Any camera that can return 3D pointclouds can use 3D object segmentation.

The Segmentation API

Check out the Python SDK documentation for the API.

Segmenter Types

The types of segmenters supported are:

  • radius_clustering_segmenter: Radius_clustering is a segmenter that finds well separated objects above a flat plane. It first identifies the biggest plane in the scene, eliminates all points below that plane, and begins clustering points above that plane based on how near they are to each other. Unfortunately it is a bit slow, and can take up to 30s to segment the scene.
  • detector_segmenter: Object segmenters are automatically created from detectors in the vision service. Any registered detector “x” defined in “register_models” field or added later to the vision service becomes a segmenter with the name “x_segmenter”. It begins by finding the 2D bounding boxes, and then returns the list of 3D point cloud projection of the pixels within those bounding boxes.
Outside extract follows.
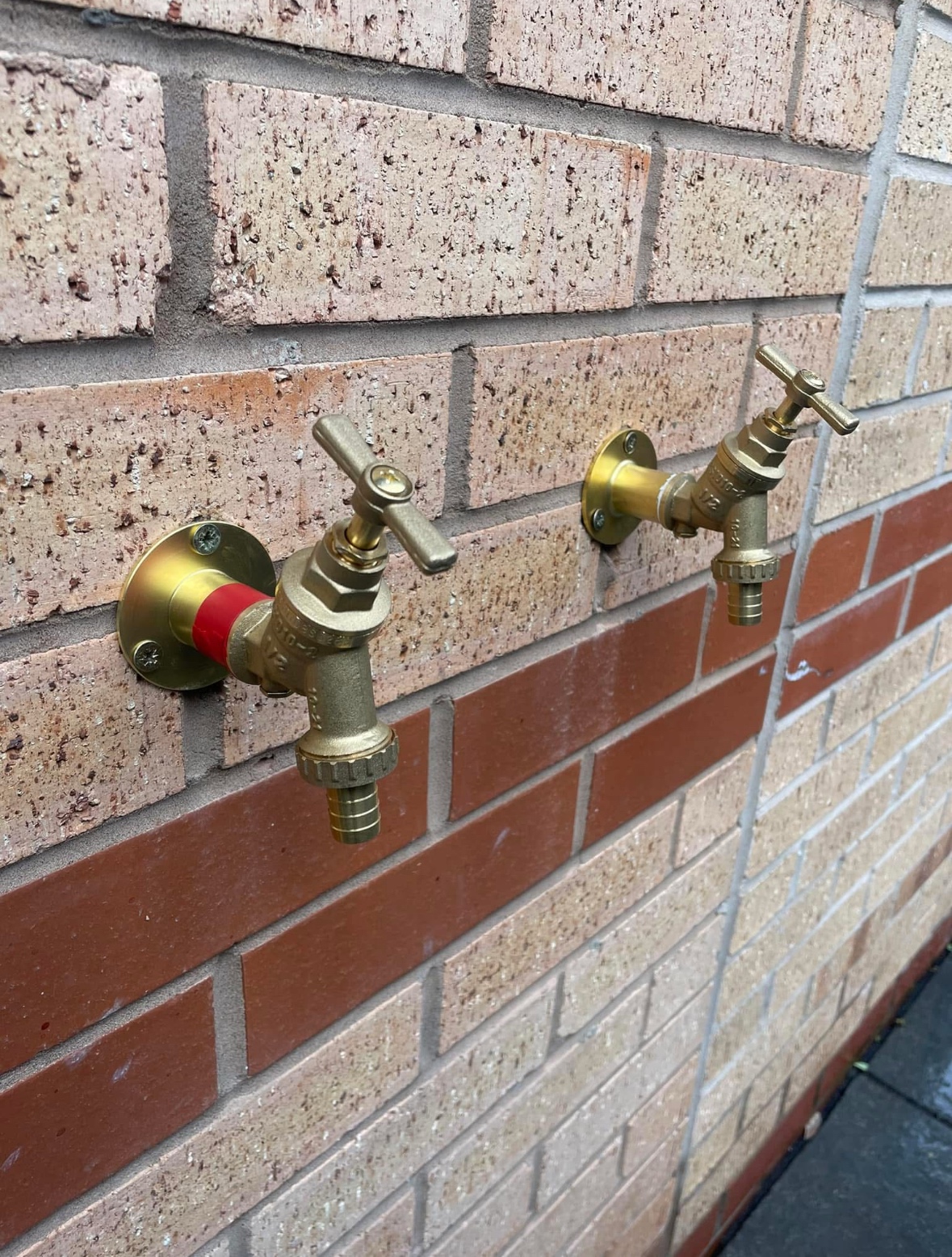 Outside tap installation on a brick wall — CM Plumbing & Heating, Buckley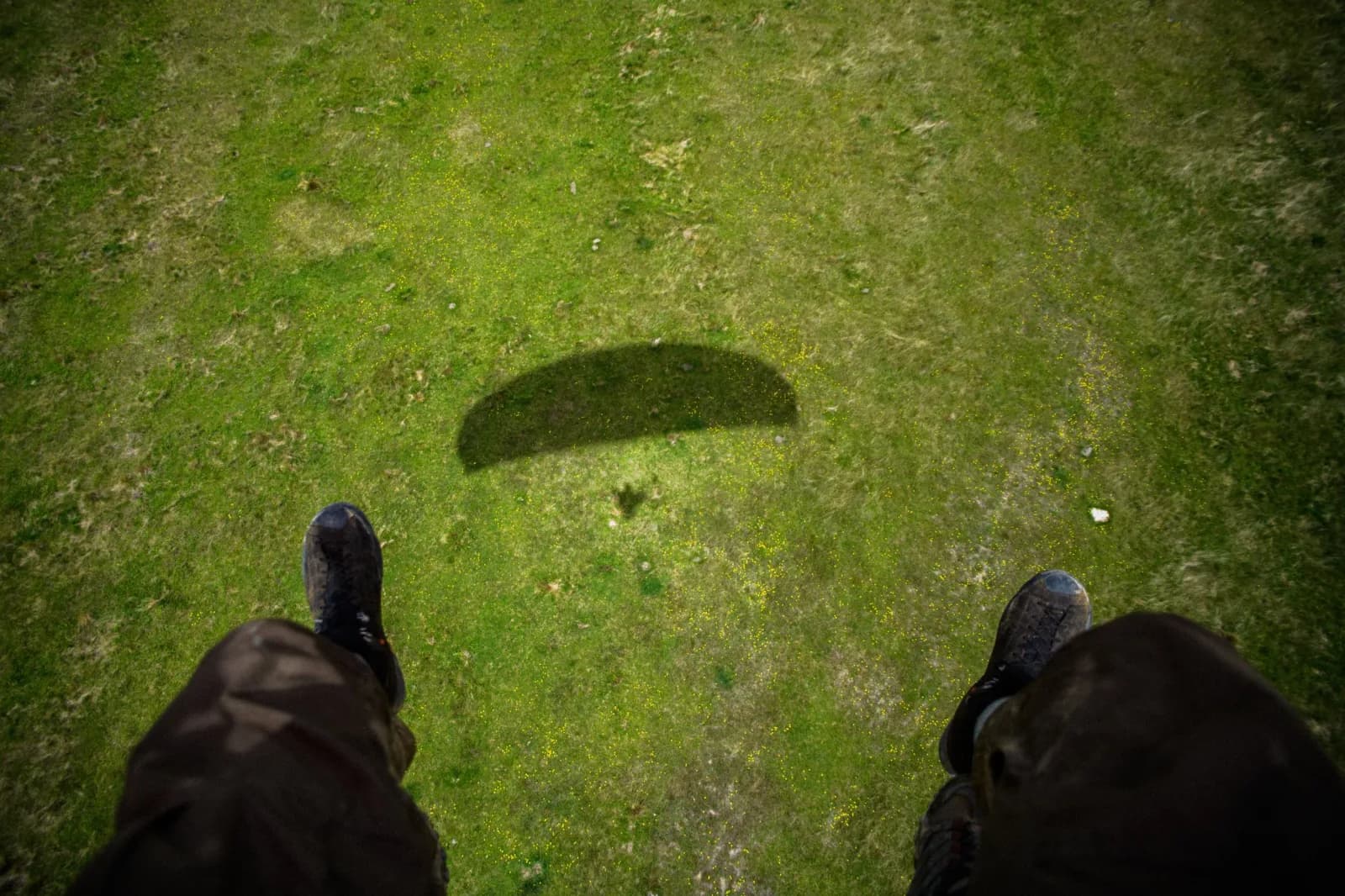 A first-person perspective shot shows a shadow cast on green grass from the viewpoint of someone standing.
Radius Clustering Segmenter parameters

  • min_points_in_plane is an integer that specifies how many points there must be in a flat surface for it to count as a plane. This is to distinguish between large planes, like the floors and walls, and small planes, like the tops of bottle caps.
  • min_points_in_segment is an integer that sets a minimum size to the returned objects, and filters out all other found objects below that size.
  • clustering_radius_mm is a floating point number that specifies how far apart points can be (in units of mm) in order to be considered part of the same object. A small clustering radius will more likely split different parts of a large object into distinct objects. A large clustering radius may aggregate closely spaced objects into one object.
    • 3.0 is a decent starting value.
  • mean_k_filtering (optional) is an integer parameter used in a subroutine to eliminate the noise in the point clouds2. It should be set to be 5-10% of the number of min_points_in_segment.
    • Start with 5% and go up if objects are still too noisy.
    • If you don’t want to use the filtering, set the number to 0 or less.

Detector Segmenters

  • detector_name is the name of the detector already registered in the vision service that will be turned into a segmenter.
  • confidence_threshold_pct is a number between 0 and 1 which represents a filter on object confidence scores. Detections that score below the threshold will be filtered out in the segmenter. The default is 0.5.
  • mean_k is an integer parameter used in a subroutine to eliminate the noise in the point clouds2. It should be set to be 5-10% of the minimum segment size.
    • Start with 5% and go up if objects are still too noisy.
    • If you don’t want to use the filtering, set the number to 0 or less.
  • sigma is a floating point parameter used in a subroutine to eliminate the noise in the point clouds2. It should usually be set between 1.0 and 2.0.
    • 1.25 is usually a good default. If you want the object result to be less noisy (at the risk of losing some data around its edges) set sigma to be lower.